WHAT TO DO> Begin at the line below that holds "Jadau Kundan Designer Long Necklace | N0652" and end at the line that holds "Agilent 34980A Multifunction", transcribing each line exactly and skipping any picture.

LISTED ENTRIES>
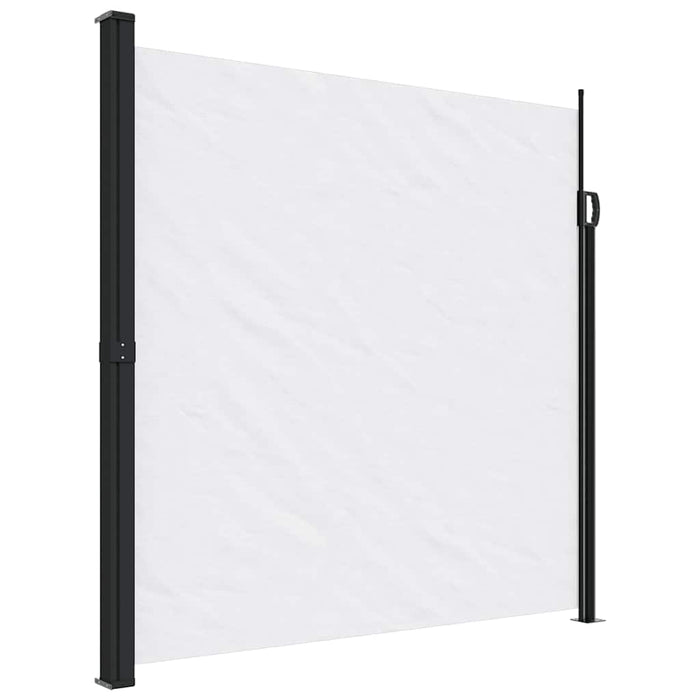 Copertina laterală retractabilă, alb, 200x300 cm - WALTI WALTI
--
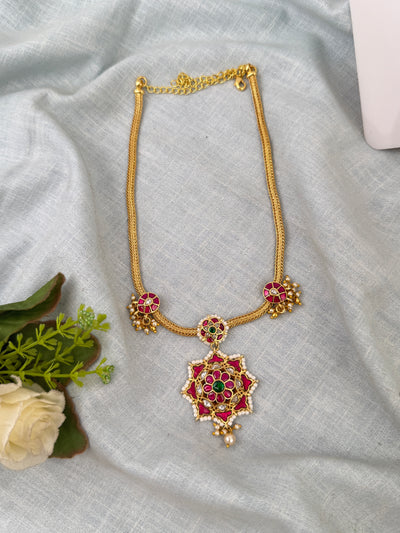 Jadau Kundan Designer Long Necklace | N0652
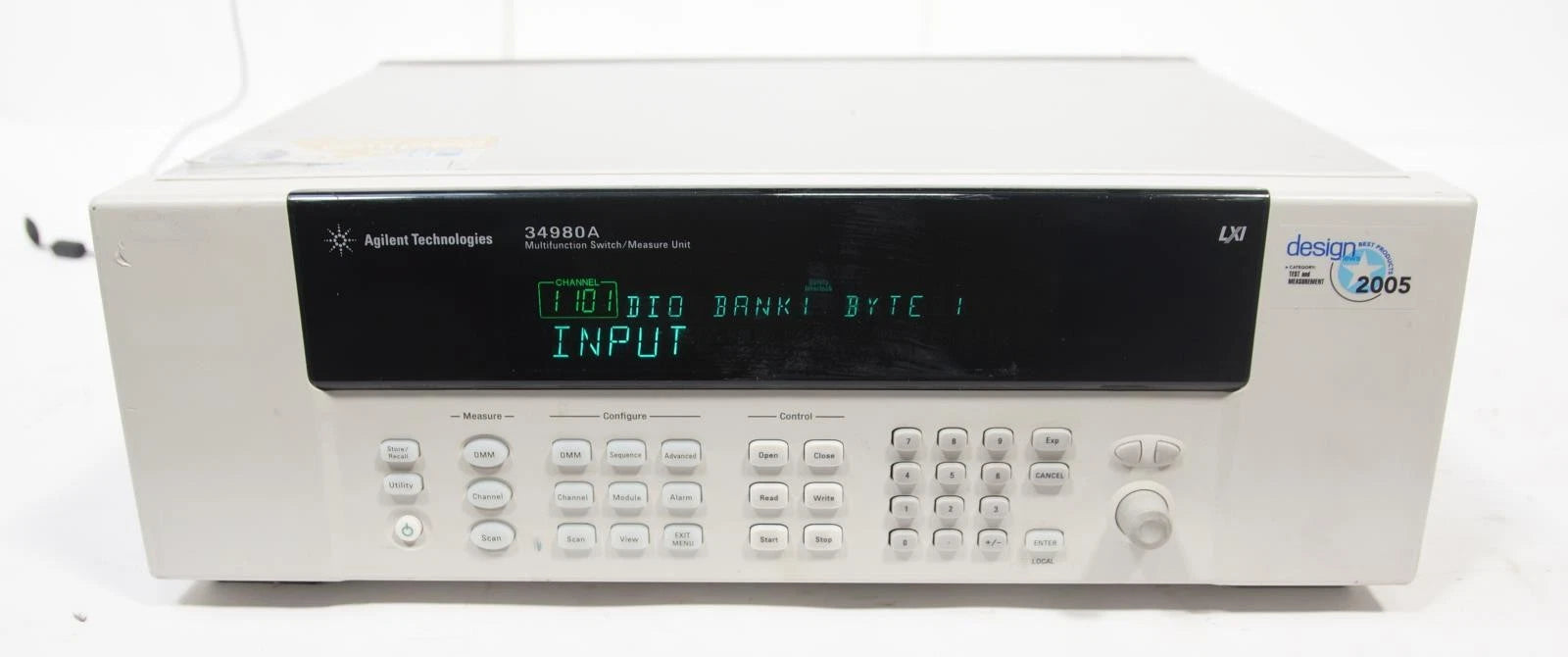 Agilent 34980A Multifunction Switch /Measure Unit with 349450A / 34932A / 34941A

EXERCISE SOLUTION>
 Jadau Kundan Designer Long Necklace | N0652
 Agilent 34980A Multifunction Switch /Measure Unit with 349450A / 34932A / 34941A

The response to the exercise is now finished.